▶ Your task
Scan the lines below for "Tool" and copy the matches.

(Saved data entries)
▬▬▬▬▬▬▬▬▬▬
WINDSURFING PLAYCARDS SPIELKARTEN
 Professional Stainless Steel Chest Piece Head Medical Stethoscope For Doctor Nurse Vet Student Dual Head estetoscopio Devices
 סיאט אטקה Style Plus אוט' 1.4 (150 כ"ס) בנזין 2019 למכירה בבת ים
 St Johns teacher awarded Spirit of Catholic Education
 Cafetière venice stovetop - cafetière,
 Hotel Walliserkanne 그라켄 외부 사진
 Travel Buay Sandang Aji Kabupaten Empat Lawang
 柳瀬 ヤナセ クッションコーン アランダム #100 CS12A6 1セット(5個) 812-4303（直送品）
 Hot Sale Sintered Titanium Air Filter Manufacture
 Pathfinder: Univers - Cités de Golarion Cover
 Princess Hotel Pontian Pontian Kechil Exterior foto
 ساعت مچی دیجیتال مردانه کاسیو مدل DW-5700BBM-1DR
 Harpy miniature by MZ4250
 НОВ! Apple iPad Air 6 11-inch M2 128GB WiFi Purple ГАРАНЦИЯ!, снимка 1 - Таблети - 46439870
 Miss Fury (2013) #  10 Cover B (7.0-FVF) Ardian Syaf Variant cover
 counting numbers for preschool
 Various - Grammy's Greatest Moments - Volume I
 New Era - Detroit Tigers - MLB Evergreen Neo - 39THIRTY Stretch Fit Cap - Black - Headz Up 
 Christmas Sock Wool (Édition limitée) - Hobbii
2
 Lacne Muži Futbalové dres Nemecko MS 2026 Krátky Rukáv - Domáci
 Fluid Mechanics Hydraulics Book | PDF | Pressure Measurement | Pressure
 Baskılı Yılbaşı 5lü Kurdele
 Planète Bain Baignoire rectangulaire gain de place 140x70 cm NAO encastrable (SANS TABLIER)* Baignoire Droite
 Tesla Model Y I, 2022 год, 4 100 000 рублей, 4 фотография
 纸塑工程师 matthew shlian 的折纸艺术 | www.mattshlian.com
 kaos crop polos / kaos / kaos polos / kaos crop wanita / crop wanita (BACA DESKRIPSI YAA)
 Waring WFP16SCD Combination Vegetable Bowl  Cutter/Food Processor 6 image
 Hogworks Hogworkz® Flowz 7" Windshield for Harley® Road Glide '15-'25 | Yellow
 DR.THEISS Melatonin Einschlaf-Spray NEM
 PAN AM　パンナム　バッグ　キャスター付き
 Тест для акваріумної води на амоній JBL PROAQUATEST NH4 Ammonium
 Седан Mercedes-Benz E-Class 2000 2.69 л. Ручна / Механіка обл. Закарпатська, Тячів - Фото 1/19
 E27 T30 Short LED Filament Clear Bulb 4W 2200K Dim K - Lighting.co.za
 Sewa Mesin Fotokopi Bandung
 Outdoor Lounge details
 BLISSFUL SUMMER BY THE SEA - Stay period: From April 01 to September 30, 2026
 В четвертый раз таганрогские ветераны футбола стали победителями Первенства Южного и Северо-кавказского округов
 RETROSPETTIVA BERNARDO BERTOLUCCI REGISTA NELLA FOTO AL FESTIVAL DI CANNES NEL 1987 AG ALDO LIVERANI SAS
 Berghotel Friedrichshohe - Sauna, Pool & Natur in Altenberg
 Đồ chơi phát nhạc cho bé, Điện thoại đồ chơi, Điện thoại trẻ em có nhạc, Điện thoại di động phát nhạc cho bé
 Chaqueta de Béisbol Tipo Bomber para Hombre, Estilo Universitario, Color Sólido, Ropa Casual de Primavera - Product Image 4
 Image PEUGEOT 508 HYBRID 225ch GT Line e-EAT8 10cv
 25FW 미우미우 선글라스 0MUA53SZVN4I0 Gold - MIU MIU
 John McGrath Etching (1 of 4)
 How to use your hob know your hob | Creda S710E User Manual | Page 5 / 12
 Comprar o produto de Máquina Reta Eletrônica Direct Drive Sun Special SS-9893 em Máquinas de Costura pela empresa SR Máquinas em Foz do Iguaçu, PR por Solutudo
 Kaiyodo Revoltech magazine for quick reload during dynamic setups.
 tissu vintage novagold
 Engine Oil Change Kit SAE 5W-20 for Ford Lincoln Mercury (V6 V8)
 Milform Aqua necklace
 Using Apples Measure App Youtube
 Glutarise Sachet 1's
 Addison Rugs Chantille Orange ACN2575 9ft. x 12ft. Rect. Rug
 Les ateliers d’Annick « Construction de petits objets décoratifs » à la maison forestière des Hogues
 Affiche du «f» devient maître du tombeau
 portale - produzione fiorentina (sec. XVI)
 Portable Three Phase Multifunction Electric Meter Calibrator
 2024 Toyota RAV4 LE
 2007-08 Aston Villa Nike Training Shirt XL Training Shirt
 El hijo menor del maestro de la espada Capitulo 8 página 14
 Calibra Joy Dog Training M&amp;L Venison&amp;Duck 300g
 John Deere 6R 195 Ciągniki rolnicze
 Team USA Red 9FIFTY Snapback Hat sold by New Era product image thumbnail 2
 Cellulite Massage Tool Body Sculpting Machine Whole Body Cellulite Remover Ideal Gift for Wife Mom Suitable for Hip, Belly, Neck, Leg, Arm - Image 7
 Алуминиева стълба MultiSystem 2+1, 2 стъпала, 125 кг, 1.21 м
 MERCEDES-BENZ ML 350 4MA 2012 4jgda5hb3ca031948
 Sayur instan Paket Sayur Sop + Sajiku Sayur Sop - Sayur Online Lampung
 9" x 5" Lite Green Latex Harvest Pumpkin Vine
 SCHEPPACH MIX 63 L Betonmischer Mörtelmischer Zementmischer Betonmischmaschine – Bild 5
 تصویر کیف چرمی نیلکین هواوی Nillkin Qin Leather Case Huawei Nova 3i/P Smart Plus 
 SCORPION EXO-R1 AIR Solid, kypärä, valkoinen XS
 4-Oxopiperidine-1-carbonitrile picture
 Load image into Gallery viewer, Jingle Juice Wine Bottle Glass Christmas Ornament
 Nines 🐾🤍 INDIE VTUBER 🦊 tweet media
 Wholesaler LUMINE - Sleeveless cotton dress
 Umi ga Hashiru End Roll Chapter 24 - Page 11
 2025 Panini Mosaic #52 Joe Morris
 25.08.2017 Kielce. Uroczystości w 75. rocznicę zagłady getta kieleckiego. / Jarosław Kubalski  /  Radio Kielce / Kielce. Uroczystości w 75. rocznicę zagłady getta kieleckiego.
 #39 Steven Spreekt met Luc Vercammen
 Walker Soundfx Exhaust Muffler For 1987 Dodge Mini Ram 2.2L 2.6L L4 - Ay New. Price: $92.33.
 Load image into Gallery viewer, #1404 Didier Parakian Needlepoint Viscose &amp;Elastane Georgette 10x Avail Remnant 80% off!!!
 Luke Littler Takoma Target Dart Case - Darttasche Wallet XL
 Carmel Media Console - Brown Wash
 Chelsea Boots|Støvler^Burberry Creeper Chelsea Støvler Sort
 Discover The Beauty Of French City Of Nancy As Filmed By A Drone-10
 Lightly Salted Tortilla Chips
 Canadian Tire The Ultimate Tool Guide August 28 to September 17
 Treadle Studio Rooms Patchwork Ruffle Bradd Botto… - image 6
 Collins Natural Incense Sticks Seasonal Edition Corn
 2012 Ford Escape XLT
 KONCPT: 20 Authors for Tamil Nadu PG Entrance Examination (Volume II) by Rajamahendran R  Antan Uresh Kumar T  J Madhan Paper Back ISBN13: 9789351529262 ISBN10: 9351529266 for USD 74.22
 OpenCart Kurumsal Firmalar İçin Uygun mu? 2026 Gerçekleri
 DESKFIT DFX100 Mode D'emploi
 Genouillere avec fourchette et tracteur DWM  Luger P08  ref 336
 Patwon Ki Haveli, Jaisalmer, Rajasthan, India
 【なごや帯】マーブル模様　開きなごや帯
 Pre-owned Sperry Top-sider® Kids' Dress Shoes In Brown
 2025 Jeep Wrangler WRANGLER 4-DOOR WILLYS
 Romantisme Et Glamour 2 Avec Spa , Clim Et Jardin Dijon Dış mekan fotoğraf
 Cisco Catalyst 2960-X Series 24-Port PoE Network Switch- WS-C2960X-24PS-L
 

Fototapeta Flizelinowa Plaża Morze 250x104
▬▬▬▬▬▬▬▬▬▬
▶ Written answer
 Cellulite Massage Tool Body Sculpting Machine Whole Body Cellulite Remover Ideal Gift for Wife Mom Suitable for Hip, Belly, Neck, Leg, Arm - Image 7
 Canadian Tire The Ultimate Tool Guide August 28 to September 17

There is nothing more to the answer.